Two justices on the five-member Alaska Supreme Court are saying the court blew it when it adopted its new electoral district maps for Southeast Alaska, and are criticizing their colleagues’ decision making process as well.
Justice Daniel Winfree, joined by Justice Craig Stowers, this week released a written dissent to the court’s decision changing which maps would be used in this year’s election. The court returned on May 22 to the original April 5 map that included Petersburg in with Juneau, instead of the May 10 map that included Haines with Juneau and which would have placed two incumbent Republicans, Reps. Cathy Muñoz of Juneau and Bill Thomas of Haines in the same district.
“It is now beyond doubt that the April 5 plan violates the Alaska Constitution, at least with respect to Southeast Alaska,” the two justices wrote in a dissent released this week to the court’s surprise decision
On the prevailing side in that decision were Chief Justice Walter Carpeneti, Justice Dana Fabe and Senior Justice Warren Matthews filling a vacancy on the court.
The dispute stems over which should take precedence in drafting new election districts, the Alaska Constitution or the federal Voting Rights Act. The conflict was between the Alaska Constitution’s requirement that districts be compact and contiguous and the Voting Rights Act requirement to maintain Native voting strength.
Winfree and Stowers said where the court erred was in trying to create a “Native influence” district in Southeast with a minimum percentage of Native voters.
If there’s no ability to create an “effective Native” district that is likely to elect a Native legislator, there’s no obligation to attempt to create an influence district, they said.
Sealaska Corp., the Southeast Regional Native corporation, argued to the court that reducing the influence district’s ability and likelihood that a Native candidate would be elected was exactly the kind of reduction in Native voting power the act was intended to prohibit.
The corporation failed to back that argument up, the justices said.
“Sealaska submitted nothing to us but argument to support its position,” the justices wrote.
Meanwhile, the Alaska Redistricting Board’s Voting Rights Act expert, Lisa Handley, testified that the federal Department of Justice no longer considered influence districts valuable and would not object to Alaska losing one.
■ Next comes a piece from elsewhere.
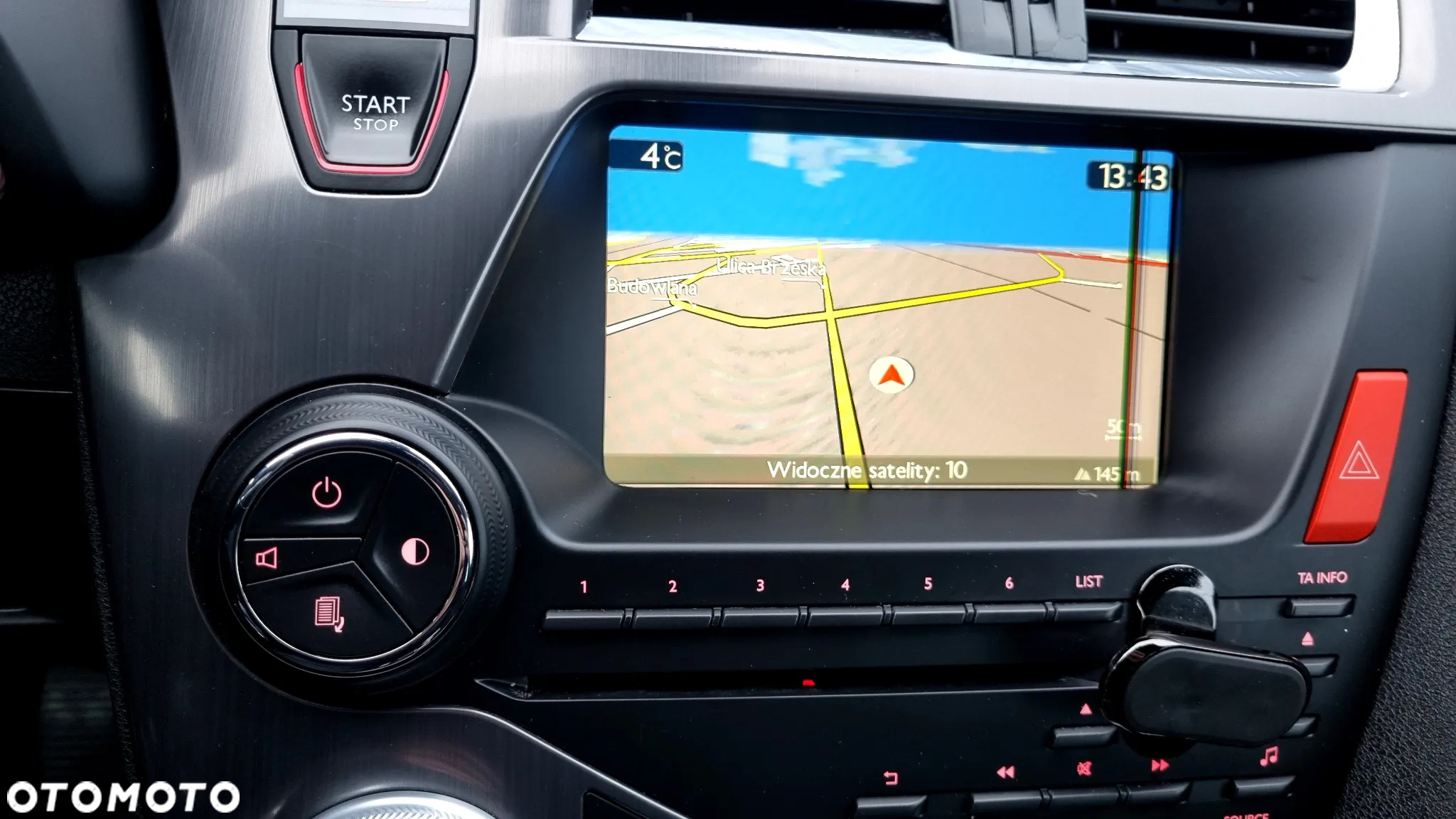 Citroën DS5 2.0 HDi SportChic - 26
The dissenting justices also criticized the court for reversing itself within two weeks, without any new evidence.
“I wish to emphasize that the court’s reversal was not based on a single new fact or piece of evidence — nothing changed between the court’s May 10 order and its May 22 order,” Winfree wrote.
The dissenters said that was in error.
“There is no justification for deviating from Alaska constitutional requirements in Southeast Alaska,” they said.
The Native American Rights Fund is continuing to challenge Alaska’s redistricting process, but is not focusing on the Southeast aspects.